Sei alto quanto basta per superarmi e sei magro, forse troppo!
Non c’è un attimo in cui trovi pace il tuo corpo, sei sempre in movimento e anche quando riesci a stare fermo perché non cammini avanti e indietro, le tue braccia e le tue mani non hanno riposo.
Se non disegni grandi archi come un direttore d’orchestra, allora è per coprirti il volto o per accarezzarti la testa.
È raro che alzi lo sguardo e quando lo fai è per attimi fugaci. Ho fatto fatica ad intuire il colore dei tuoi occhi perché non mi hai retto lo sguardo per più di un secondo, anche se sono sicura che mi vedi.
Sono chiari, ma di un chiaro profondo, come il cielo di un’alba che stenta o forse anticipa una giornata d’inverno.
Di tutto questo che ho notato, anche se scritto è poco e detto male, c’è una cosa che mi impressiona: sei lieto!

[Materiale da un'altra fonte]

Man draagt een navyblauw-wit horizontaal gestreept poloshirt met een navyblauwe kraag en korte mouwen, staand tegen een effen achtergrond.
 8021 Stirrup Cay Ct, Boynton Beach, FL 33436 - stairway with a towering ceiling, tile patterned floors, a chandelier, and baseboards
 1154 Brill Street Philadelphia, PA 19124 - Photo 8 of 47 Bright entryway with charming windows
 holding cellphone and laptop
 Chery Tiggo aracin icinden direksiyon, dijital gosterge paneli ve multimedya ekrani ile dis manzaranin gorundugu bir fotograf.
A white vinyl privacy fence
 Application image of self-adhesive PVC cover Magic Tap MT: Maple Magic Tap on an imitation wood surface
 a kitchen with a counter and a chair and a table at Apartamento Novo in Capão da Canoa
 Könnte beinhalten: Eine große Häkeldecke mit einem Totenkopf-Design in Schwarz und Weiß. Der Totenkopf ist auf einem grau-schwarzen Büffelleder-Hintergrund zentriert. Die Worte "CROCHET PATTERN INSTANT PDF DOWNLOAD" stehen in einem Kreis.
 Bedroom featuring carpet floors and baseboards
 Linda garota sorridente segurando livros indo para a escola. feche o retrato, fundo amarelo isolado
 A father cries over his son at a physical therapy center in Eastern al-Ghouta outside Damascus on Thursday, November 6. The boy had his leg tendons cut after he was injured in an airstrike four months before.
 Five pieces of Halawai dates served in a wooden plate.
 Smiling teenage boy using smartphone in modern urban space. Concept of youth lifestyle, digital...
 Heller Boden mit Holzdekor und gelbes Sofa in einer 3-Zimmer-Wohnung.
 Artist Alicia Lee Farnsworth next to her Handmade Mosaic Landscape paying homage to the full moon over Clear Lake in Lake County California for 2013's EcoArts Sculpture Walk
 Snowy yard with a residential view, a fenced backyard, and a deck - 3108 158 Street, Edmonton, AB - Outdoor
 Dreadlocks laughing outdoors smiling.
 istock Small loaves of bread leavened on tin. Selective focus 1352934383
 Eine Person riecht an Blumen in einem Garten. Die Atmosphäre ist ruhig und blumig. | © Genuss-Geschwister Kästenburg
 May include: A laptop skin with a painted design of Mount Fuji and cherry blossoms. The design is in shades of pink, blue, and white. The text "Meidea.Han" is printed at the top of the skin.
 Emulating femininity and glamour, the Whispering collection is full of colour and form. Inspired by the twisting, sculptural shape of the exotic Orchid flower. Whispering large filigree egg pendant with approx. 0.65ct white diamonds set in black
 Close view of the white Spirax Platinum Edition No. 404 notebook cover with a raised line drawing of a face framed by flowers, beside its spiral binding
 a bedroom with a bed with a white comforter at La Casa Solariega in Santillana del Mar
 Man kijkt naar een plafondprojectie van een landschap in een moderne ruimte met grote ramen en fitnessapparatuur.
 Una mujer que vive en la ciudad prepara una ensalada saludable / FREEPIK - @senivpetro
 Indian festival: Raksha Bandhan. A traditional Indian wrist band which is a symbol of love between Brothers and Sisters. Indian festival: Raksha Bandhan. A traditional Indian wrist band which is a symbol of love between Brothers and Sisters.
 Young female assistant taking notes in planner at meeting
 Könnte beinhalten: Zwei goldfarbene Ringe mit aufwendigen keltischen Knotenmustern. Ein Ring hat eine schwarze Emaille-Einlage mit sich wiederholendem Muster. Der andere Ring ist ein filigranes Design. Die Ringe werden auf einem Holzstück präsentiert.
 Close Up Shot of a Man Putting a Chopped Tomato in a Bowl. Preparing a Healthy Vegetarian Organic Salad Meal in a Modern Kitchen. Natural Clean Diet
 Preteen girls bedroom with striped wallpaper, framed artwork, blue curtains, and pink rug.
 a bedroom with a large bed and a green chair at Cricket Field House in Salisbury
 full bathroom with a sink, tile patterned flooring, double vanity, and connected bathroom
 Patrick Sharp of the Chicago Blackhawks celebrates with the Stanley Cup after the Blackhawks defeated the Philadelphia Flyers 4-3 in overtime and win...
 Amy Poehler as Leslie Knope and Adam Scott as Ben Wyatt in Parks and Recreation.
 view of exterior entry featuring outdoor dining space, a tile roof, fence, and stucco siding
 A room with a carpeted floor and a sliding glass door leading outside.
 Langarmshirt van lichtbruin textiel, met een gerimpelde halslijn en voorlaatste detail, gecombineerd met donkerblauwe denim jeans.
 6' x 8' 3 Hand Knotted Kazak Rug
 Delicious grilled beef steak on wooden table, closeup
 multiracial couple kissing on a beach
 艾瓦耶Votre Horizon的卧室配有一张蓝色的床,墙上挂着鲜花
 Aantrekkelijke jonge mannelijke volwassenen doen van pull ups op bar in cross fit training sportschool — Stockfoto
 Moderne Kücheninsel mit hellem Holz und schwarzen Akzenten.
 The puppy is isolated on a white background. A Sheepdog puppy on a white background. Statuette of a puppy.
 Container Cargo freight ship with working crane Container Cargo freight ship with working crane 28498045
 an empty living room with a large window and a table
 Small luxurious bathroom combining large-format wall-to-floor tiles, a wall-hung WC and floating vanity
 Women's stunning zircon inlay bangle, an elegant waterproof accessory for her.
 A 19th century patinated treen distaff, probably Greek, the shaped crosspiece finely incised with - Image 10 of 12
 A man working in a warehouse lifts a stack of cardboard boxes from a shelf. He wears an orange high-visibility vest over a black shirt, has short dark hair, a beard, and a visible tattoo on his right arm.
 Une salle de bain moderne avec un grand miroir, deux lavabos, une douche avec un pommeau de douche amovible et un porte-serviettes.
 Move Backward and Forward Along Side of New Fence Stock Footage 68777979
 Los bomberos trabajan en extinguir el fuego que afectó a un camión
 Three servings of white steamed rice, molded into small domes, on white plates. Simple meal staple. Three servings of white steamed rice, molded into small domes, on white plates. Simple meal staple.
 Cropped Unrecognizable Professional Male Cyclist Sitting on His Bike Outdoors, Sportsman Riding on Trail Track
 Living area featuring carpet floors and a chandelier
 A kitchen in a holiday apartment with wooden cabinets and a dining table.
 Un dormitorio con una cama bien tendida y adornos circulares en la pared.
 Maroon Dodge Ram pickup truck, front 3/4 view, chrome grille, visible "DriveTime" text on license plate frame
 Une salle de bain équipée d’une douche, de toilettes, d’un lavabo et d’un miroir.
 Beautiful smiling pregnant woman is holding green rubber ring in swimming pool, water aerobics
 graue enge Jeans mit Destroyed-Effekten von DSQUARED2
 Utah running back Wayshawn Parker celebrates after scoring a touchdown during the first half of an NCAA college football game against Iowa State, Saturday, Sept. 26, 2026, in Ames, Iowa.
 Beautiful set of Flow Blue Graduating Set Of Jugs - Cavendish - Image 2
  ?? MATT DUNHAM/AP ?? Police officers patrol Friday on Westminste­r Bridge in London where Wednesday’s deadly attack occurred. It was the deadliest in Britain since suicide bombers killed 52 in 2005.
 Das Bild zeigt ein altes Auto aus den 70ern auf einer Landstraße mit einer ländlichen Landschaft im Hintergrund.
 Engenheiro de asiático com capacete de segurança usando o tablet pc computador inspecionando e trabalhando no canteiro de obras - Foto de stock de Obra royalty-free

Oltre tutto, in questo anno che è passato, ho notato che sei cambiato. Sei più che lieto da quando un frate ha manifestato per te una preferenza ricambiata.
Ora sei proprio certo. Lieto e certo che sei voluto.
Ecco un giorno di vita: alzarci lieti e certi di essere voluti così come siamo, perché c’è chi ci ama così come siamo!